Interestingly, the India-based website Firstpost Bollywood also devoted an entire post recently to the fact that Khan, “a superhuman from India”, was played by “the thoroughly Caucasian Benedict Cumberbatch” and not by one of the “many brown actors in the world at large and in Bollywood in particular”.

The post concludes by noting that, while the actor might not feed into current ethnic stereotypes, the character, as depicted in this film, might still do that:

Here’s what’s interesting about the choice that Abrams made: the man named Khan who reduces skyscrapers to rubble and terrorises Americans is a white man and not a bearded chap with an olive complexion who may be considered suspicious by airport security personnel in large parts of the world. He is, as Cumberbatch said in an interview, a “home-grown terrorist”. He doesn’t seem foreign, he’s doesn’t look like ‘the other’; in fact, he looks no different from the others who make up the American majority. But his name is Khan and he is here to wreak terror.

Then there is Baz Luhrman’s adaptation of The Great Gatsby. And the fascinating thing about this film appearing so close to the release of Star Trek into Darkness is that, where Abrams cast an English actor as a South Asian — possibly to avoid negative stereotyping of South Asians — Luhrman cast a South Asian actor, Amitabh Bachchan, as a Jewish gangster to avoid negative stereotyping of Jews.

As Danielle Berrin notes at JewishJournal.com, Luhrman himself has said that he cast a non-Jewish actor as Meyer Wolfsheim — a fictitious gangster modeled after real-life gangster Arnold Rothstein — because he wanted to avoid the “broad, anti-Semitic” depiction of Wolfsheim in the original novel. Berrin goes on to ask:

Was there no way to portray Fitzgerald’s Jew as a Jew without the seamy stereotypes? In casting an Indian actor, Luhrmann effectively usurped the Jewishness of the character and managed to avoid it entirely. Save for his name, Luhrmann’s Wolfsheim is not identifiable as a Jew in any meaningful way.

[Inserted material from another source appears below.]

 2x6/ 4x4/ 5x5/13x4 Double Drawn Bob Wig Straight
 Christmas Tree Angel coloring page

On some level, this constitutes a denial of historical truth on the part of the director, even as it ethnically (and perhaps creatively) reimagines the role. Is Luhrmann trying to tell us ethnicities are interchangeable? That because Fitzgerald’s character was portrayed in anti-Semitic strokes he should not be portrayed as a Jew? Perhaps some see in this betrayal of the character’s essence a triumph against stereotype. But it seems more accurate to suggest that it illustrates the director’s own confusion and lack of imagination (which is actually quite stunning considering how brilliantly fresh the rest of the film is).

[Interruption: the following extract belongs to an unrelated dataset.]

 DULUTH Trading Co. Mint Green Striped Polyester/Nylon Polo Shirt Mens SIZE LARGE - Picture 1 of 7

Berrin also notes that the decision to cast a non-Jew as the gangster makes little sense because other characters in the film actually talk about the character’s Jewishness when he isn’t onscreen, and she asks if Luhrman could have found a more successful way through this minefield by casting a “very talented and very conspicuously Jewish actor” in the part — someone like, say, Adrien Brody.

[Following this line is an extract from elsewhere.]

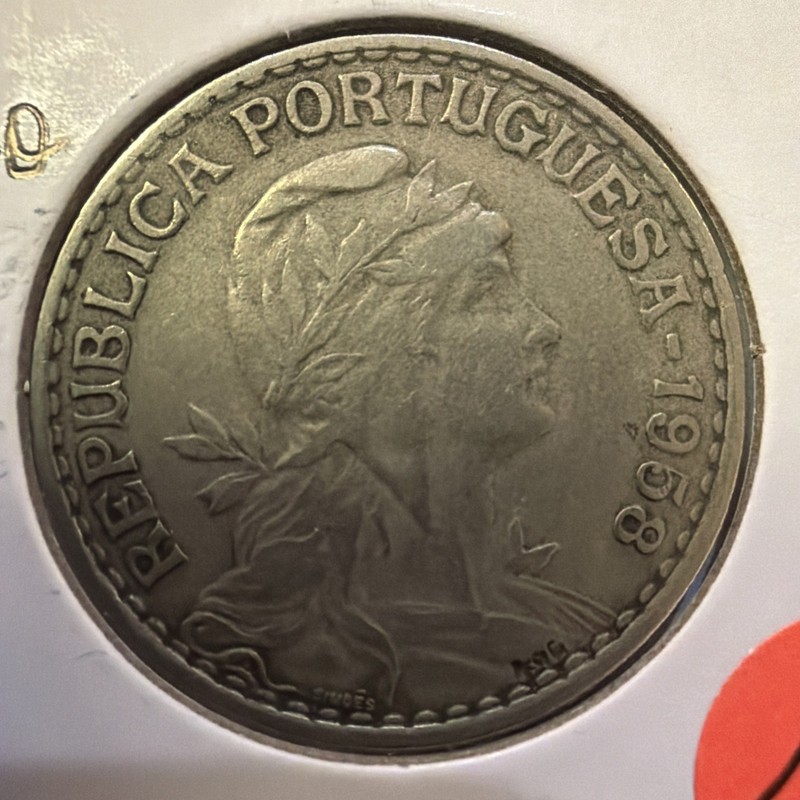 1958 Portugal 1 One Escudo Nickel-Brass Actual Coin Do79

Be all that as it may, it is striking to see this issue come up in two very different films released so close together — and it is especially striking to see how one film declined to let an Indian be the bad guy when the character was actually Indian (or at least South Asian), while the other film was quite willing to let an Indian be the bad guy (or at least the somewhat dodgy guy) when the character was quite explicitly not Indian.

Oh, and in case you’re wondering, Firstpost Bollywood critic Nikhil Taneja praised The Great Gatsby as “the most Bollywood of Baz Luhrmann’s films” and said Bachchan’s brief performance in the film was a “pleasant surprise” and “undoubtedly one of the best-acted Indian cameos in Hollywood cinema so far.”